Next, Sarah says she felt ashamed that she avoided playing with her kids. She explains that her lack of self-confidence prevented her from doing any physical activity that her children wanted her to participate in. Anything from playing catch to going tobogganing was daunting to her. Sarah says, “we had this pool in our backyard and I didn’t want to swim in it. I just tried to hide as much as possible. I was really just embarrassed. And I was noticing that the kids were begging me to come swimming and I was just like, ‘no I don’t like swimming’ but that was a lie, I just didn’t want to get in a bathing suit, and I just avoided everything that I could.”
Finally, Sarah says she became aware of how much her weight had been controlling her life when she saw an old picture of herself on Facebook. Of the three “lightbulb moments” Sarah experienced, she says that this was the worst. She explains that “there was this picture of me, and that day I actually thought I looked really really great and I was really happy with myself. But when these pictures came out afterward I think I just really awoke to how bad my health had gotten and that I wasn’t just a little overweight, I was a lot overweight. And I just wanted to do something about it!”
It’s here, in her journey to self-discovery, that Sarah’s road to Insta-fame began.

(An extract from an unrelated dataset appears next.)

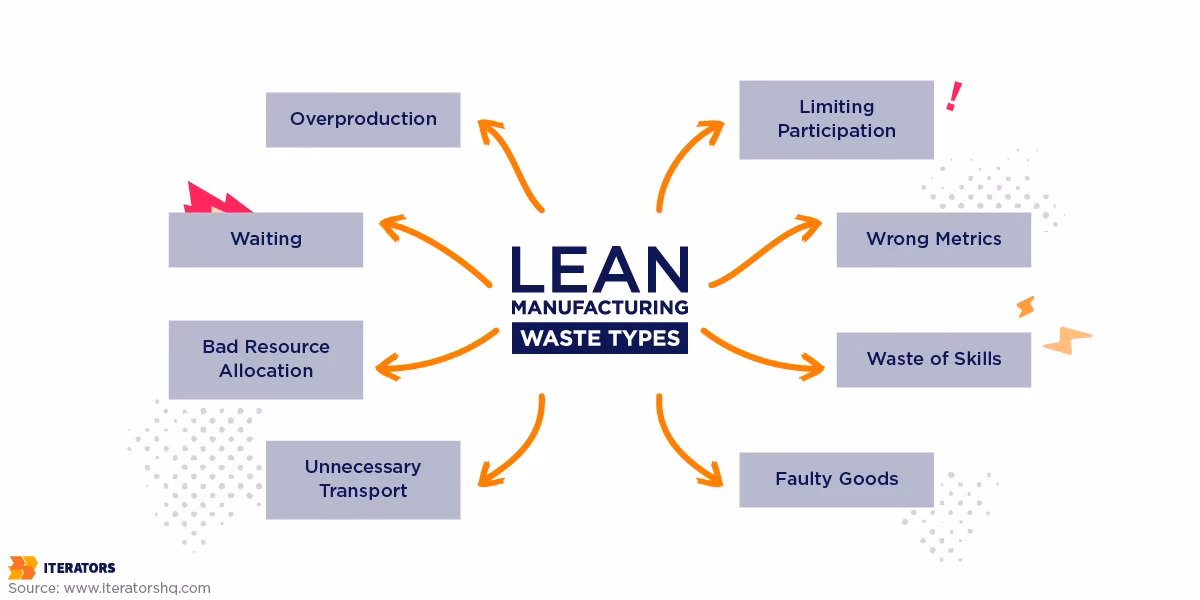 How can lean manufacturing consulting improve workforce productivity?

As a stay-at-home mother of three, Sarah felt like her options to get into shape were limited but she was determined to be successful. So she downloaded an app to monitor what she was eating and began doing workouts at home every day using free workout videos she found online. “And it worked! It worked really really well. I was losing weight very rapidly, and I was okay with the fact that I really didn’t know anything. I was working out in jeans at the beginning, I didn’t even have workout clothes. I was just doing what I could do with the resources that I had, and just allowed myself to learn.”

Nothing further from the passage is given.